> _Required work_
Range to repeat from the listing below: the line containing "Habitación de luna de miel" down to the line containing "Banner kabupaten mamuju", both included. Copy it exactly, pictures excluded, and add nothing else.

> _Dataset content_

_____

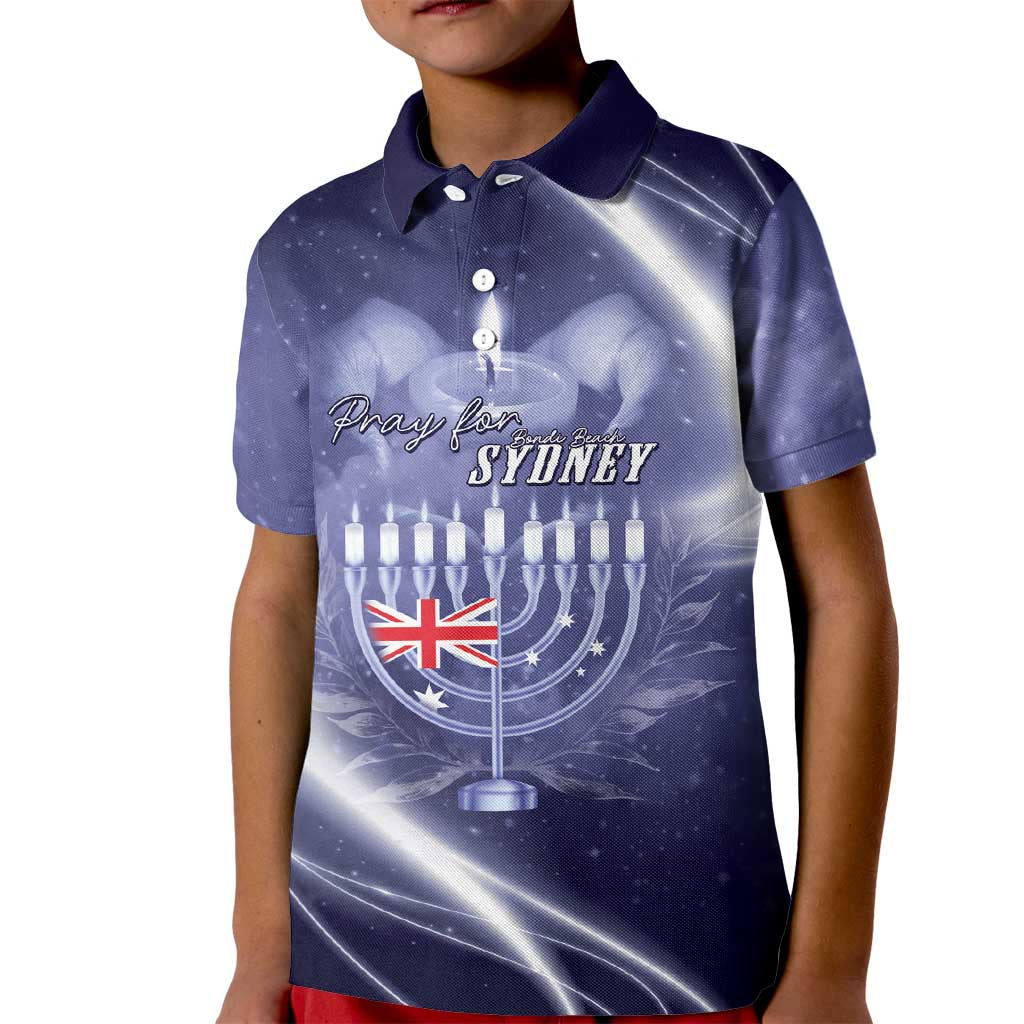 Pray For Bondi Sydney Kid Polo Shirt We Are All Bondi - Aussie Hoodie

_____

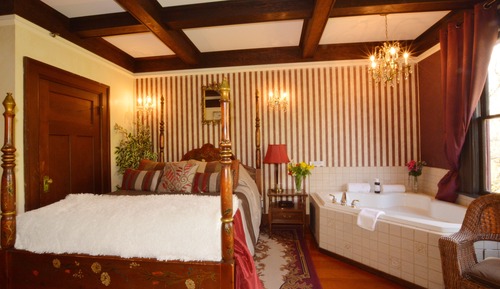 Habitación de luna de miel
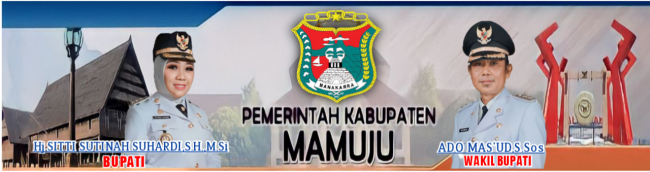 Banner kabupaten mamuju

_____

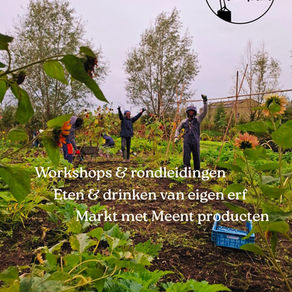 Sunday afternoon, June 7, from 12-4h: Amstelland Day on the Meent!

_____

> _Answer space_
 Habitación de luna de miel
 Banner kabupaten mamuju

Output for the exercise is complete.